FWIF, you can infer from this that Lee has leapfrogged Jeremy Peña and Hunter Brown in Law’s personal rankings and that neither Peña nor Brown are in Law’s top 115.
Law’s rankings aren’t worth printing out to wipe my ass with.
The only evaluations I take seriously (aside from the fine people here, of course) are the folks over at Crawfish Boxes/Astros Future, if only because they actually follow Houston’s minor leagues.
I’ve like Kiley McDaniel’s work as well. Beyond that, eh.
Keith Law released his Top 20 Astros Prospect rankings today and the article I thought was a good read…
Interesting. A few quick thoughts (haven’t read the article yet, but will probably do so at lunch):
In the article Law stated that Lee was ranked 101.
I heard that from Cabrera
Pretty surprised to not see Jonathan Bermudez. Bermudez has a solid minor league career and performed very well at AA and AAA in 2021 from, both from an ERA (AAA: 3.06) and a K/BB (AAA: 40/13 in 32.1 innings) perspective and the Astros thought enough of him to protect him on the 40-man. They’ll keep him stretched out as a starter in AAA, but I’d say he’s a good bet to see some major league bullpen time in 2022. Even if Law doesn’t think the guy has a high ceiling, he should probably still crack the back of that list or at least make the “others of note” section.
But also, Law thinks Yuli is “a bad first baseman,” so you’ve got to have a salt lick on hand when reading his evaluations.
Agreed about Bermudez (and thanks for the reminder - knew I was forgetting someone in my points above). Anyone whom the organization thinks enough of protect from the Rule 5 draft deserves to be on a top prospect listing.
I don’t know if Law is trying to be contrarian or original, but it seems like there are always guys you see elsewhere who are left off his lists, ranked too high, or ranked too low. Reading his commentary is interesting inasmuch as it’s someone talking about the Astros’ minor leagues. But it’s not something I take too seriously.
I always love prospect lists for the sole reason of learning certain prospects exist.
This year’s edition: Misael Tamarez
Fangraphs out today with their Top 100 list with Jeremy Pena at #30, Hunter Brown at #95 and Korey Lee at #97.
There are writeups on all 3 players which are very interesting reads.

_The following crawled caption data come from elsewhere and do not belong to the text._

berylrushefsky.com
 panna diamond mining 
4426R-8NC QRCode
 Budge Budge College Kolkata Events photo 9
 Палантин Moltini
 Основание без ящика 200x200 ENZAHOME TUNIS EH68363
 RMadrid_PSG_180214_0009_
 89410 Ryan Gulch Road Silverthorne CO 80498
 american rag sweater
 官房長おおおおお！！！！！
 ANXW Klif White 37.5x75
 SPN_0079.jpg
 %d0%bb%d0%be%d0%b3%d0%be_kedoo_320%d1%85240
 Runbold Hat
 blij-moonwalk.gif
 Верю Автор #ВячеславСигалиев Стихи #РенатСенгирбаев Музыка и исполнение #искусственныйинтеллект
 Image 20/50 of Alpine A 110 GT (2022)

So how did Julks hit .297/.369/.545 over the back half of his 2021 system at CC and go from org player to making Laws’ top Astros prospects list? This article by Jake Kaplan talks about how the Astros re-tooled his swing in the middle of the season by putting him on the development list for three weeks and sending him to WPB for intense individual instruction. Asst GM Pete Putila is quoted in the article as saying: “He’s one of our biggest, strongest guys in the system. (He’s) very athletic. But with his swing, he just wasn’t getting the power production that we thought he could achieve.” Once in Florida, Julks was coached to get his lower half more into his swing which resulted in increasing pop for him and in turn a .914 OPS in the second half versus a .732 OPS in the first half. Will be interesting to see how this carries over for the 26 year old in 2022 at AAA Sugar Land.